If it changed the rules for what was possible in literary fiction, A Boy’s Own Story, a bestseller on both sides of the Atlantic, marked a new direction for Edmund White, and confirmed the liberating potential of a closely autobiographical kind of novel, where the testamentary force of memoir is coupled to the artifice of fiction. The embrace of such a genre, as a career-long practice, was a surrender to adventure, undertaken with no knowledge of how the story would continue. It was bound to find its form less in the conventional architecture of plot than in the symmetries of the narrator’s inner world, the driving force of his desires, the selective harmonies of memory. White himself cannot have known, when he wrote A Boy’s Own Story, that he would write the sequels which were to join it in a kind of first-person trilogy, The Beautiful Room is Empty (1988) and The Farewell Symphony (1998) – books telling as it were a Young Man’s Story, since youth, in the gay world of the 60s and 70s, seemed magically extended until it was brutally curtailed.

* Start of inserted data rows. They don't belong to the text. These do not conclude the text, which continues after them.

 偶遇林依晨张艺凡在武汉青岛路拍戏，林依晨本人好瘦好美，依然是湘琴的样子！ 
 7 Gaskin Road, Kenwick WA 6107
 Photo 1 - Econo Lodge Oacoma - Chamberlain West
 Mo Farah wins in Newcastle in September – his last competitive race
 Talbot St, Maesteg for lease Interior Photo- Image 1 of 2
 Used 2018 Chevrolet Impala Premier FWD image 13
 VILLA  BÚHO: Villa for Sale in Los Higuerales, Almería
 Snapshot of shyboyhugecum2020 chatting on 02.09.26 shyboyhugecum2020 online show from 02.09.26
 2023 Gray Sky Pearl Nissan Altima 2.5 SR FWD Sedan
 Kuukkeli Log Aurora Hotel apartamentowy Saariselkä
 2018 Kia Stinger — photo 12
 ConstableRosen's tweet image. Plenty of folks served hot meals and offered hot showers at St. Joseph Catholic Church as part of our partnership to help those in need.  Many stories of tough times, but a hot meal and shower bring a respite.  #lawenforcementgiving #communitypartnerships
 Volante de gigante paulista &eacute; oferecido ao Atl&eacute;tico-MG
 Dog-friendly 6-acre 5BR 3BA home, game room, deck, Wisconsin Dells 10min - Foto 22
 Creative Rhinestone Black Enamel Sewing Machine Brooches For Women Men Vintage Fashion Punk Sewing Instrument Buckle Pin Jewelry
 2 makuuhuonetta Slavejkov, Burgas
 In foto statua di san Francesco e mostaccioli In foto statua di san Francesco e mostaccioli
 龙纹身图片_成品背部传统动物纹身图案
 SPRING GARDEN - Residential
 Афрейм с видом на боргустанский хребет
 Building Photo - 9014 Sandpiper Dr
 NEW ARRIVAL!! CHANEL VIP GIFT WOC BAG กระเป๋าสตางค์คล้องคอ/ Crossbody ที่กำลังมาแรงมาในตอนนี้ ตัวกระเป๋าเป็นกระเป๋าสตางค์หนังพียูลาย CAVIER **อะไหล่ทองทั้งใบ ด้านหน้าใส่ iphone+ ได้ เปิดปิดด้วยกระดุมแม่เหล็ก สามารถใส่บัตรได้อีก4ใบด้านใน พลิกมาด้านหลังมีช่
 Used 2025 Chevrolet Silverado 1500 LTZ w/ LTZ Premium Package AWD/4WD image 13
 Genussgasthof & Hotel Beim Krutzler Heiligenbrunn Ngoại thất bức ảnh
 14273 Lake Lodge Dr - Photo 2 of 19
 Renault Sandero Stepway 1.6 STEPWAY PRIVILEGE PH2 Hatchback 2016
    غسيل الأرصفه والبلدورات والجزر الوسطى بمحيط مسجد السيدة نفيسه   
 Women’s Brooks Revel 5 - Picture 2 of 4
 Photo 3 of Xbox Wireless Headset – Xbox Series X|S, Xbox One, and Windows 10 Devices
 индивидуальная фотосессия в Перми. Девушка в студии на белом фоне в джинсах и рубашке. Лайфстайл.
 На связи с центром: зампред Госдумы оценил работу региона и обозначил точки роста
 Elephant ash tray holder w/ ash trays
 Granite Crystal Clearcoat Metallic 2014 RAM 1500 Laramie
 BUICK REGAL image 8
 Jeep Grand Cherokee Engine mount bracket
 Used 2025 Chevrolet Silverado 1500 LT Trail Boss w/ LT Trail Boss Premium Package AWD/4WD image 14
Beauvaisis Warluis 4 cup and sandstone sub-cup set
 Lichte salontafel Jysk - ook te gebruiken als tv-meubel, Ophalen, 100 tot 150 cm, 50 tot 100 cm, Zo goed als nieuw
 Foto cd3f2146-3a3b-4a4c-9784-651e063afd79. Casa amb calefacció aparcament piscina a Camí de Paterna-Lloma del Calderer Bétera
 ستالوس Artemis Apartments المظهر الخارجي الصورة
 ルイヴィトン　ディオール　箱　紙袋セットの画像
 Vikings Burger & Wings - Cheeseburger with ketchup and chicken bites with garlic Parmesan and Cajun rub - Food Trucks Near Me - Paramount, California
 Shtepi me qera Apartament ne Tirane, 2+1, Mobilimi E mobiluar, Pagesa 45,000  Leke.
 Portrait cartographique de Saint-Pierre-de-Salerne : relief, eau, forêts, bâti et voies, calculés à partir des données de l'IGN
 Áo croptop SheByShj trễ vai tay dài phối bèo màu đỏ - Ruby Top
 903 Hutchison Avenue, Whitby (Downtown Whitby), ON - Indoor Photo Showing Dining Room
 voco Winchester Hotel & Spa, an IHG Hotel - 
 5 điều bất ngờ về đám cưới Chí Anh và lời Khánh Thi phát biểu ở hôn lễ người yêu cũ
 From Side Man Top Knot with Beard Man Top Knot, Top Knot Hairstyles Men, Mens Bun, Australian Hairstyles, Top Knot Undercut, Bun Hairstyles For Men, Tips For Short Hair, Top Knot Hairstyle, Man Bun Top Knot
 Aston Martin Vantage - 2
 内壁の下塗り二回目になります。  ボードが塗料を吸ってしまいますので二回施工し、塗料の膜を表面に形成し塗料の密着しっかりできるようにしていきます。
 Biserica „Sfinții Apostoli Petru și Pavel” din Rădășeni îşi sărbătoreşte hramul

We see now that A Boy’s Own Story appeared at a turning point in the history that White’s later books would unfold, just before the AIDS virus violently reconfigured the very world he was describing. The trilogy thus has a second personal thread running through it, and intimately connected, the growth not only of a gay man, but of a driven and ambitious writer, of extraordinary gifts, destined to define gay literature for a generation.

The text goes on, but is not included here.